A play inspired by the tragic death of homeless man Jonathan Corrie near the Dáil in December 2014 is to be performed at a renowned theatre in West Cork tomorrow night.
Homeless, written by Kieran Doyle, is a one-act drama examining the issue of the continuing crisis in Ireland today.
“There is a thin line between the haves and the have-nots,” said Mr Doyle, an English teacher in Clonakilty Community College, who said the tragic story of Mr Corrie, along with his own experiences working with St Vincent de Paul, had inspired and informed his writing of this play.
Proceeds from the performance in the Rossmore Theatre at 8pm, which features Clonakilty actors Greg Mulcahy and Caroline Conway, will be donated to St Vincent de Paul and the Simon Community.
“I remember a man came in through the door of the St Vincent de Paul hostel once when I was working with the organisation,” said Mr Doyle.
“He was an ex-rugby international and a former sports hero, and he was now homeless after a number of different things happened.
“The play was inspired by a number of stories of homelessness that I have encountered,” he said, noting the death of Mr Corrie two years ago was a major inspiration for the play.

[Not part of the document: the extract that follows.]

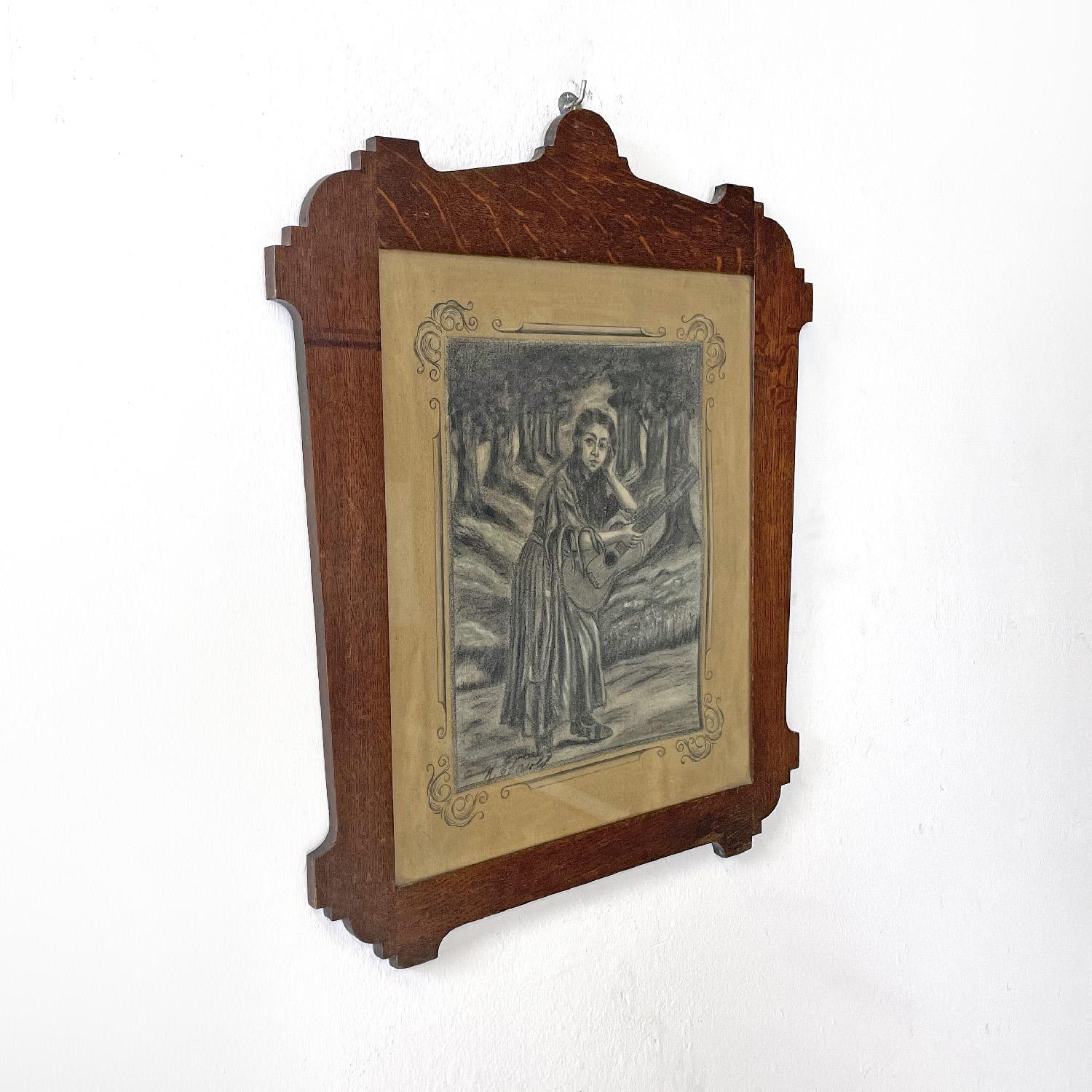 Italian Art Deco charcoal drawing with decorated wooden frame, 1930s In Good Condition In MIlano, IT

“I feel this play challenges the audience’s own prejudices about homelessness — people often have this idea that a homeless person was sort of ‘born’ that way, that homelessness only happens to a particular type of person. However, this perception is strongly challenged by the play.”
In Homeless, a wealthy bank official and former rugby international Ray Mullins, played by Paul O’Regan from Bandon, loses his job, separates from his wife, and eventually becomes homeless.
In a telling line, Ray declares: “Everyone wants to do something for you at Christmas, but the rest of the year you’re just a bum, a nothing, a nuisance, a statistic.”
Mr Doyle said: “Ray Mullins was also a victim of the recent recession, and the effects on Ray and on his life are very far-reaching.”